Description
The Patriarchal Palace, known in the communist period as the Palace of the Great National Assembly, is a building located in Bucharest, district 4. Formerly, the edifice was the seat of the legislative institution of the Romanian state: initially the Assembly of Deputies, later the headquarters of the Great National Assembly, after the events of 1989 the seat of the Chamber of Deputies, and then in 1997 the construction becomes the property of the Romanian Patriarchate.
In 1881 the repair and refurbishment of the old building takes place and an amphitheater is added, similar to the Palace of German Deputies (Reichstag). The deputies held their meetings in the meeting room, a room with semicircular seats, in front of it there was a grandstand, and to the right of the grandstand was the bank of ministers.
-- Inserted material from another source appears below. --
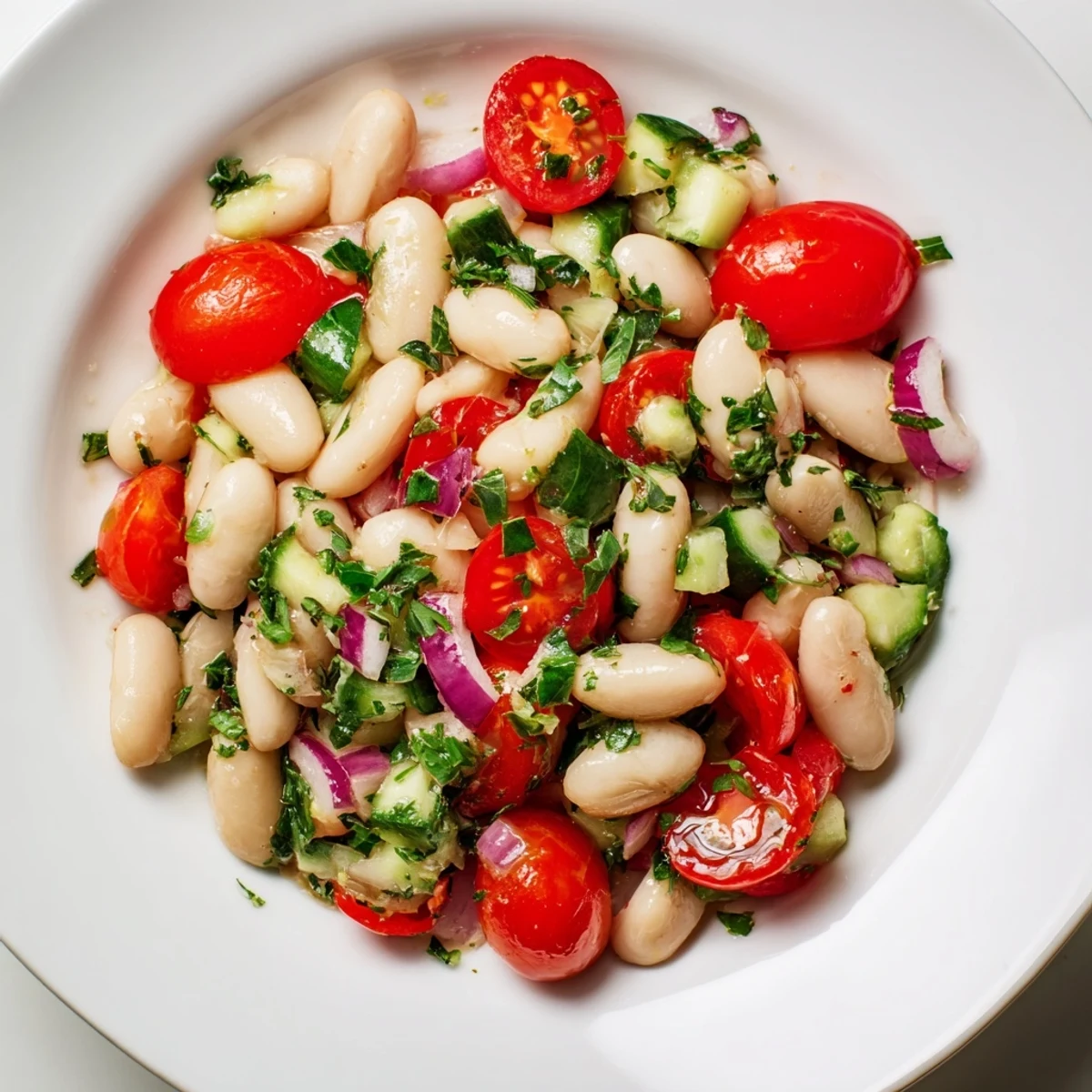 White Bean Mediterranean Salad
The building was open to the public only outside the meeting hours. Romanian citizens could only take part in the chamber’s work if they had the signature of a deputy on an entrance ticket, foreign citizens needing the signature of their country’s embassy.
In place of the former Royal Divan, in 1907, according to the plans of the architect Dimitrie Maimarolu, the Palace of the Chamber of Deputies is built, a building preserved until now. During the socialist period the edifice functioned as the headquarters of the Great National Assembly, the supreme authority of the state power of the Socialist Republic of Romania.
The facade of the construction was made in neo-classical style, with a length of 80 m. The dome of the building, similar to the one of the Athenaeum, located above the meeting room, is forming the axis of composition of the construction. The four levels of the edifice can be seen from the Naţiunile Unite (United Nations) street.